From Beyond the Grave (1974)
Stars: Peter Cushing, Donald Pleasence, Angela Pleasence, Ian Bannen, Diana Dors, David Warner, Ian Ogilvy, Margaret Leighton
Directed by Kevin Conner
This is without a doubt my favorite Amicus Films anthology film. Released in 1974, this is the first horror film I ever went to see in theaters without my parents. I wanted to go see The Exorcist, but they said no, they wouldn’t let me to see it. So they let me go see this instead (with a friend). It may have been rated- R, but (except for The Exorcist) they didn’t really check ID’s back then. If you showed up with money, you were in. The stories were adaptations from R. Chetwynd-Hayes.
The wrap-around concerns an antique shop, Temptations Limited, with a humble proprietor played by Peter Cushing. We watch as people enter the shop and each one selects an item, and then attempts to rip off the shop owner from his asking price. One changes tags with a cheaper item, another talks him down in price, saying the item is a worthless fake. Each item the customers take home has a wicked curse upon it. I often felt the series, Friday the 13th, which aired in the 1980’s, had more in common with this film than its namesake. Cursed antiquities in a shop is an excellent jumping-off point to tell many different stories.
The Gate Crasher – Edward, played by David Warner purchases an antique mirror for a pittance, claiming it was worthless. He mounts it in his apartment and everything is fine until one night when he and his friends decide to hold a séance. A spirit is trapped within the mirror and needs Edward to kill in order for him to regain his energies and escape the reflective glass.

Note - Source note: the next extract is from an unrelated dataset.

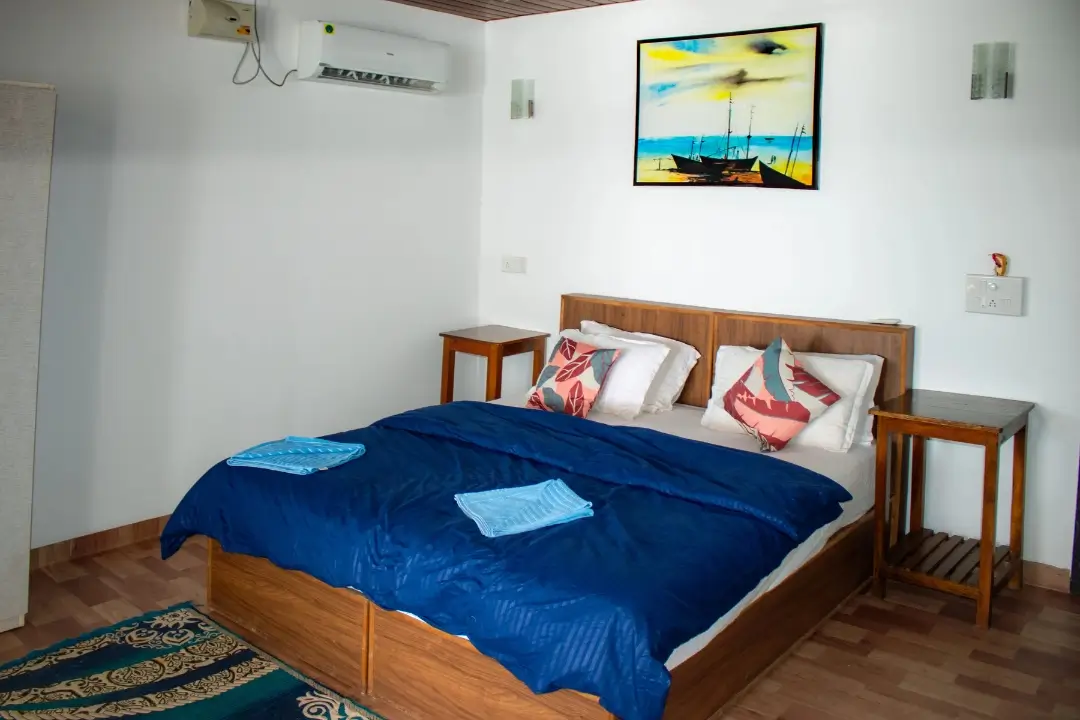 A neatly made bed with blue sheets, complemented by a decorative painting hanging on the wall above it.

An Act of Kindness – Christopher Lowe is treated poorly by his wife and his young son has no respect for him. He stops and talks to a street vendor everyday and learns the man is a veteran. Christopher claims he is a veteran too, bragging to the man about a medal he had received. The next day he goes into the antiques shop and procures a medal, so he can show the veteran. The man invites Christopher to dinner and to meet his daughter, who is a witch. The witch kills the wife and to take her place as spouse and mother, but not for long. However, Christopher also meets his untimely demise. Stars Donald Pleasance and his daughter, Angela Pleasance, who looks exactly like her father. Despite the more intricate story, this is my least favorite of the segments found here.
The Elemental – Reggie purchases a small pill case from the shop but also inherits a small but nasty demonic entity. On the train ride home, a psychic spiritualist, Madame Orloff, tells him about the elemental and hands him a business card to call if there’s trouble. It isn’t long before he is forced to admit something is afoot and calls her in to cleanse the home. The cleansing is very comical with Madame Orloff exorcising the entity, squeezing Reggie’s face, screaming and yelling, as the home is wrecked in the process. Reggie’s wife cringes on the couch as paintings and knick-knacks fly, couch pillows are relieved of their feathers and winds blow through the home like a bad winter storm. The psychic claims the entity is gone, but is it?
The Door – Finally, my favorite story of the bunch concerns a wood carved door from ancient times. A young man, William, purchases the door and installs it for a closet, more as ornamentation for the room than necessity. His wife Rose finds it rather displeasing. Working late one night in the den, William sees the door open. What lies behind it is a secret blue room from the 16th Century. He enters the room and reads a journal upon a desk. He discovers the door was owned by occultist, Sir Michael Sinclair, who created the door so he would be able to walk amongst future times and live forever by capturing the souls of others. There are some creepy and suspenseful scenes in this segment as William hears footsteps approaching and each time he enters the room, the footsteps get closer to the blue room. Eventually Sir Michael kidnaps Rose and the couple has to battle him for their very souls.
This is one of the few Amicus Films that still bears some relatively creepy scenes that haven’t completely lost their impact over time with me, most notably in The Gate Keeper and The Door segments. After seeing this as a youngster, I remember having to make sure the closet door in my room was securely closed and feeling the urge to cover my mirror with a pillowcase. It doesn’t have the same effect now, but it still remains my favorite Amicus anthology.
This review is part of a series I am doing to review all the Amicus Anthologies and horror films.